Nature, nurture, personality and free will.

Back in my psychi days when I were a young lass, we constantly had a debate around the nature versus nurture aspects of mental illness. How much of a person’s experience of say schizophrenia was really nature; that is the chemical imbalances in the brain, and how much was nurture; that is how they had been taught to behave and react in their upbringing.

I don’t think the debate was ever settled. Various theories like the selfish gene thing came and went and still nothing explained how it is that people end up the way they do.

Personality traits and how they effect the way we behave and learn have also been investigated, enneagrammed and generally boxed but we are still left with a head scratching “Why?” question over the way some people turn out.

One area that I think gets sidelined too much is free will. We are free beings with choices we can all make no matter what circumstances we find ourselves in. Concupiscence is really just a posh word to say we all have tendencies to unhealthy attitudes and behaviour that we have to overcome. For some it is what is labelled ‘addictive personality’ for others it may be tendency to cynicism (my struggle) and to others it might be hoarding (greed) the wish to control others. But while we have these tendencies we are also self aware as humans and so have the tools to fight them.

If we accept as part of universal human understanding of natural law that ‘so as you would be done by’ is ingrained or at the very least universally acknowledged, then why do so many people spend so much time doing or not doing that which they would loathe to have (or not have) happen to them?

I must admit that despite the many years I spent working in psychiatry I have never really understood people who go out of their way to lie, gossip, control and generally make miserable those around them. I can’t see that this makes them happy at all.

My Latin quote for today (coincidentally) is Beatus, qui prodest, quibus potest which is an interesting one because it could mean “Blessed is he with the power to help {others}” or it could mean “Blessed is he with power over those he helps”.

The deeply sad fact is that there are so many people who think in the second way rather than the first. WHY they want to think and behave that way is a mystery to me, but then the Catholic Church has long taught of the “mystery of iniquity”.
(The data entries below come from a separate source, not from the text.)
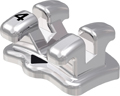 discovery® smart, Metallbracket, Zahn 44, -17° Torque, 0° Angulation, Roth 22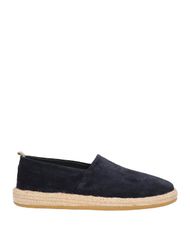 オフィシンクリエイティブ メンズ シューズ スリッポン・ローファー エスパドリーユ OFFICINE CREATIVE ITALIA Navy ネイビー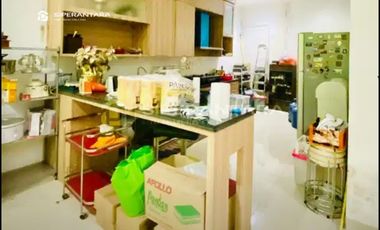 Dijual Rumah Perumahan Vancouver Modern minimalis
I see so many people who are brought up in horrible ways and so end up choosing (it IS a choice) to follow that way of being; which seems to be nurture + free will rather than nature as such. But I am completely confused by those people who are brought up by parents who while imperfect are still loving and do their best to give that love and yet the child ends up doing horrible things. What on earth leads to that?

Kate Whicker has some moving insights.

2 responses to “Nature, nurture, personality and free will.

  1. interesting. Thanks for sharing.

    ” But I am completely confused by those people who are brought up by parents who while imperfect are still loving and do their best to give that love and yet the child ends up doing horrible things.”

    I cant answer your question, but I have always hoped that for the majority of such people, the wonderful parental love they experienced during their childhood will mean that (like the drug addict son in the article you linked to), they will eventually be able to leave their destructive life choices and return to the right path.
    The love of their parents will have given them the emotional and psychological tools (self-esteem, self-control, good judegement etc) necessary to eventually make this decision.

    Just my thoughts!

    God bless
    xx

  2. Yes, the mystery of free will is a complete mystery.
    I had a discussion with a nun about this recently. She is of the opinion that ALL wicked acts are owing to some past emotional wound in that person. I felt that her view seemed to deny the dignity of free will as it reduces the human person to a helpless product of his environment.
    I loved Kate Wickers thoughts too, thank you.